# LLM-as-a-Judge Skills

> A practical implementation of LLM evaluation skills built using insights from [Eugene Yan's LLM-Evaluators research](https://eugeneyan.com/writing/llm-evaluators/) and [Vercel AI SDK 6](https://vercel.com/blog/ai-sdk-6).

[![License: MIT](https://img.shields.io/badge/License-MIT-yellow.svg)](https://opensource.org/licenses/MIT)
[![TypeScript](https://img.shields.io/badge/TypeScript-5.6-blue.svg)](https://www.typescriptlang.org/)
[![AI SDK](https://img.shields.io/badge/AI%20SDK-4.1-green.svg)](https://sdk.vercel.ai/)
[![Tests](https://img.shields.io/badge/Tests-19%20passed-brightgreen.svg)](#test-results)

## 🎯 Purpose

This repository demonstrates how to build **production-ready LLM evaluation skills** as part of the [Agent Skills for Context Engineering](https://github.com/muratcankoylan/Agent-Skills-for-Context-Engineering) project. It serves as a practical example of:

1. **Skill Development**: How to transform research insights into executable agent skills
2. **Tool Design**: Best practices for building AI tools with proper schemas and error handling
3. **Evaluation Patterns**: Implementation of LLM-as-a-Judge patterns for quality assessment

### Part of the Context Engineering Ecosystem

This project is an example implementation to be added to:
- 📁 [`Agent-Skills-for-Context-Engineering/examples/`](https://github.com/muratcankoylan/Agent-Skills-for-Context-Engineering/tree/main/examples)

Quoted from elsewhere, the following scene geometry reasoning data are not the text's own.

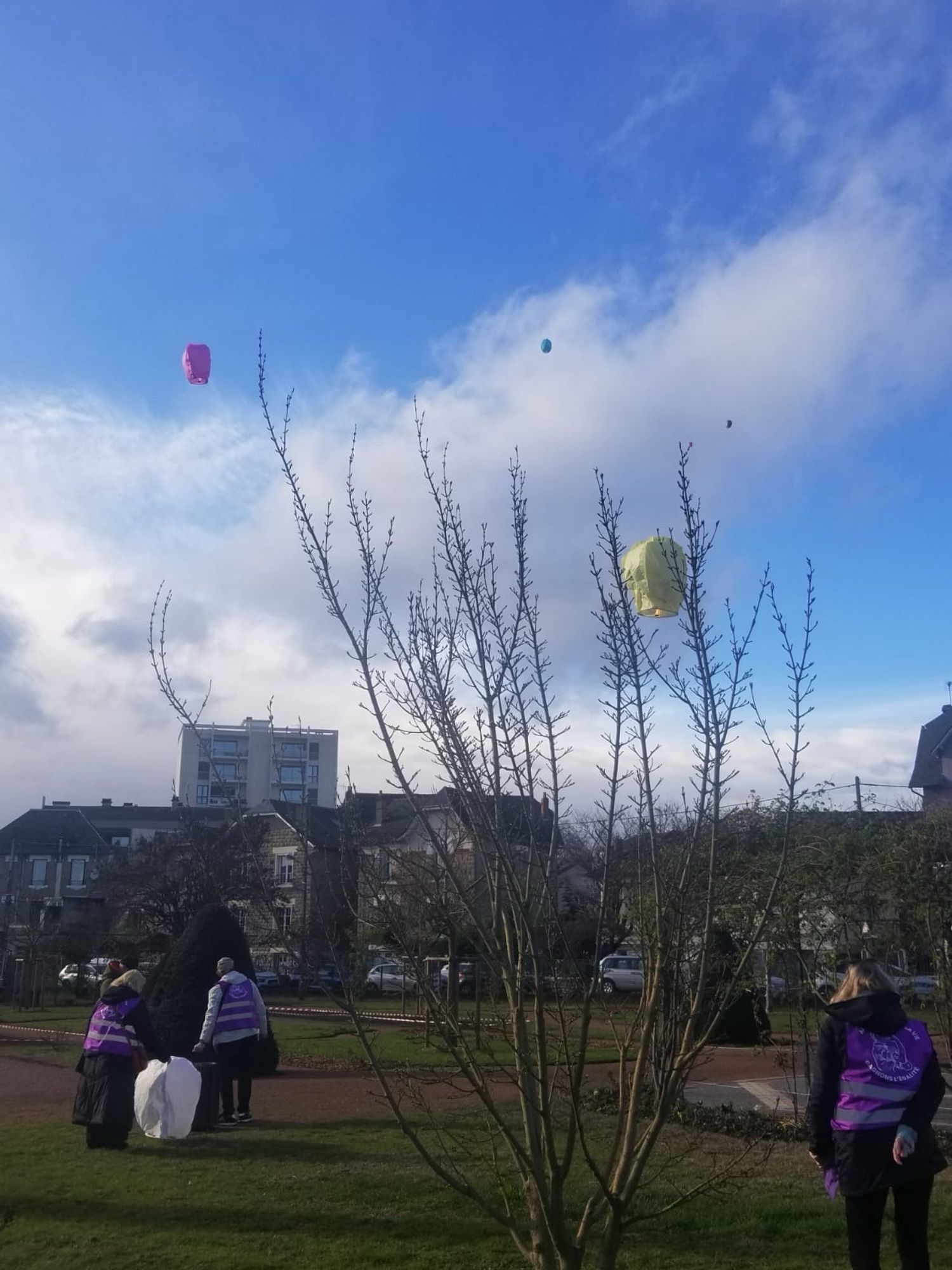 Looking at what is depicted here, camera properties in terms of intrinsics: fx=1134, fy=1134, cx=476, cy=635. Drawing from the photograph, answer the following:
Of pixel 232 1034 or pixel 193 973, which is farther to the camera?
pixel 193 973

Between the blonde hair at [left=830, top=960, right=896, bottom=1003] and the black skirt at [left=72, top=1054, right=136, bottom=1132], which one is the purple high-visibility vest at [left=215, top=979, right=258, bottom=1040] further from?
the blonde hair at [left=830, top=960, right=896, bottom=1003]

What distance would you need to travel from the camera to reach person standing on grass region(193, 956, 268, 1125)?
10195 mm

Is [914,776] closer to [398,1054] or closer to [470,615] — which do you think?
[398,1054]

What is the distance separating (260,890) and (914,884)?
842 cm

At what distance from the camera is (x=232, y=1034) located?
1021cm

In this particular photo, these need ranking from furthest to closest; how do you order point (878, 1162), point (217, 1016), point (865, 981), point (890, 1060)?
point (217, 1016) < point (865, 981) < point (890, 1060) < point (878, 1162)

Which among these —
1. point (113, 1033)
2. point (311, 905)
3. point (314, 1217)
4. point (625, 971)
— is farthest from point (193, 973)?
point (625, 971)

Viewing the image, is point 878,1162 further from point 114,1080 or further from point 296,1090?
point 296,1090

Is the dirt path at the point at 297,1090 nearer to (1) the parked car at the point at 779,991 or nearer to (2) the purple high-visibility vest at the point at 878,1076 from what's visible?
(1) the parked car at the point at 779,991

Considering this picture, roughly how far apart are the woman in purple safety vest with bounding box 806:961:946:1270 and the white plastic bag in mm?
6166

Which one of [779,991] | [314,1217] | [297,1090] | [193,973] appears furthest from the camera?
[297,1090]

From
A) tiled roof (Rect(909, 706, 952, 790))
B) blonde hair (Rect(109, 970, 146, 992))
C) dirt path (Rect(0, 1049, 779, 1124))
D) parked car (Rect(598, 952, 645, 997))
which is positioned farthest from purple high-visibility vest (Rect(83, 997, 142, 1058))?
tiled roof (Rect(909, 706, 952, 790))

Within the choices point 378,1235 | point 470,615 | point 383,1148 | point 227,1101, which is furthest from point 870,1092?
point 227,1101

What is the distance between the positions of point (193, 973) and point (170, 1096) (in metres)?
3.92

It builds upon the foundational skills from:
- 📚 [`skills/context-fundamentals`](https://github.com/muratcankoylan/Agent-Skills-for-Context-Engineering/tree/main/skills/context-fundamentals) - Context engineering principles
- 🔧 [`skills/tool-design`](https://github.com/muratcankoylan/Agent-Skills-for-Context-Engineering/tree/main/skills/tool-design) - Tool design best practices

---

## 📖 Background & Research

### The LLM-as-a-Judge Problem

Evaluating AI-generated content is challenging. Traditional metrics (BLEU, ROUGE) often miss nuances that matter. Eugene Yan's research on [LLM-Evaluators](https://eugeneyan.com/writing/llm-evaluators/) identifies practical patterns for using LLMs to judge LLM outputs.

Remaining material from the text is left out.